Pointers as function returns does not get over-written as claimed

Question

There is a claim that this code right here would not return the correct "Sum" because of the preceding PrintHelloWorld() being executed and displacing the value that the pointer *ptr points to. However, I get the correct value each time I run it and even ran the PrintHelloWorld() function a dozen or more times right before the printing of *ptr.

So why is my code working and returning the value even though the pointer is pointing to a value that's been popped off the stack as claimed?

#include <stdio.h>
#include <stdlib.h>

void PrintHelloWorld()
{
    printf("Hello World\n");
}

int *Add(int *a, int *b)
{
    int c = (*a) + (*b);
    return &c;
}

int main()
{
    int a = 2, b = 4;
    int *ptr = Add(&a,&b);
    PrintHelloWorld();
    printf("Sum = %d\n", *ptr);

    return 0;
}

It is probably undefined behaviour. So it may do anything, including possibly giving you the result you expect. However, it may not *always* be the case. — user12205, Apr 19 '15 at 00:04
You're just getting lucky. If you call a function that uses many local variables, your sum is more likely to get overwritten. — JS1, Apr 19 '15 at 00:06
possible duplicate of [Can a local variable's memory be accessed outside its scope?](http://stackoverflow.com/questions/6441218/can-a-local-variables-memory-be-accessed-outside-its-scope) — Steve Fallows, Apr 19 '15 at 00:16

Iharob Al Asimi · Accepted Answer · 2015-04-19T00:23:15.210

2

That is called Undefined Behavior and it's undefined so anything can happen, you can't actually predict the behavior because it depends on the structure of the program and the running conditions of the same.
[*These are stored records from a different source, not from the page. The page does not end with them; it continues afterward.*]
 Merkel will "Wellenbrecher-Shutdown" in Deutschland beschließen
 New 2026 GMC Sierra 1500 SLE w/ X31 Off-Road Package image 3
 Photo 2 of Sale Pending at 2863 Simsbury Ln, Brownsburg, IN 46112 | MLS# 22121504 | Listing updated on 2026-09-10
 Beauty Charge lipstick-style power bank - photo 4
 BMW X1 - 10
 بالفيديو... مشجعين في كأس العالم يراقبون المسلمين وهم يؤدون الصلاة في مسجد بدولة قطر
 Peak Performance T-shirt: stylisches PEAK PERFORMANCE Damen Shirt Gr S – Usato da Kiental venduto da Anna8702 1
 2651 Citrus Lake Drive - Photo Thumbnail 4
If you enable compilation warnings, the compiler must warn you about the mistake, returning the address of local variables and trying to read it's content is undefined behavior, because it was already deallocated when you returned from the function.

Since it's undefined behavior, anything could happen, for example, it could work "correctly".

You are returning the address of a local variable. The variable c where you store the result of *a + *b is local to the function Add() and it has automatic storage duration.

That means that, when the function returns, it gets deallocated. Since you returned the address to it, and it was deallocated, trying to print it will just output garbage.

Try this and see

int *Add(int a, int b, int *c)
 {
    *c = a + b;
    return c;
 }

and then in main()

int main()
 {
    int a = 2, b = 4, c, *ptr;
    ptr = Add(a, b, &c);
    printf("Sum = %d\n", *ptr);

    return 0;
 }

as you can see, you passed c's address and modified it inside the Add() function.

The c variable is local to main() so passing it's address to Add() modifiying it, and then reading it in main() is perfectly ok because in main() it's still valid.

It gets deallocated only when it gets out of scope, which didn't happen in this case.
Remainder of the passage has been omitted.